The more I've looked at the picture of Aisha this week, the more I've found something that's as disturbing as her mutilation and
Time's call to war:
the beauty of the image.
In the cover photograph, Aisha's hair is thick and wavy as if it had been carefully arranged in a New York studio. The camera has captured her at a moment when she's staring at us from the corner of her eyes, her lips slightly parted as if she's about to speak. The light falls across her pale brown cheeks, picks up the contrast in the shawl covering her dark hair. The nose, cut away, the flesh having healed as one commentator wrote into a "heart shape," is the only indication that this young woman's life is endangered.
It's a photograph in the tradition of the National Geographic, where brown and black women and men and even children are rendered in bright colors, made exotic, almost desirable, and placed alongside images of whales and polar bears.

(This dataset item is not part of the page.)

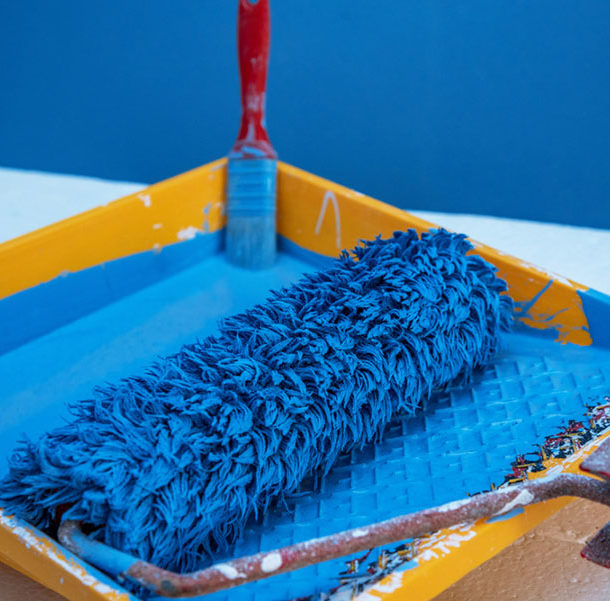 A blue paint roller in a yellow tray.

The pain of hunger or war or disease is eerily absent. The images -- out of context -- are made more palatable to audiences.

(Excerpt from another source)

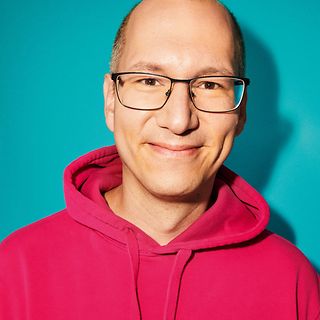 A man in a red hoodie looks into the camera with a friendly smile.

It was National Geographic whose editors put an Afghan girl on their cover in the 1980s.
Sharbat Gula was photographed in a refugee camp and this became "the" image of the war along the Afghan border at the time, even though the photographer never recorded her name.
Sharbat's picture, like that of Aisha's, was a palette of rich colors: the haunting green of her large eyes, the light brown hues of her face, the dark cherry red of the shawl. With a nose intact, Sharbat could have appeared on the cover of Vogue as Afghan chic.
What were the photographers thinking?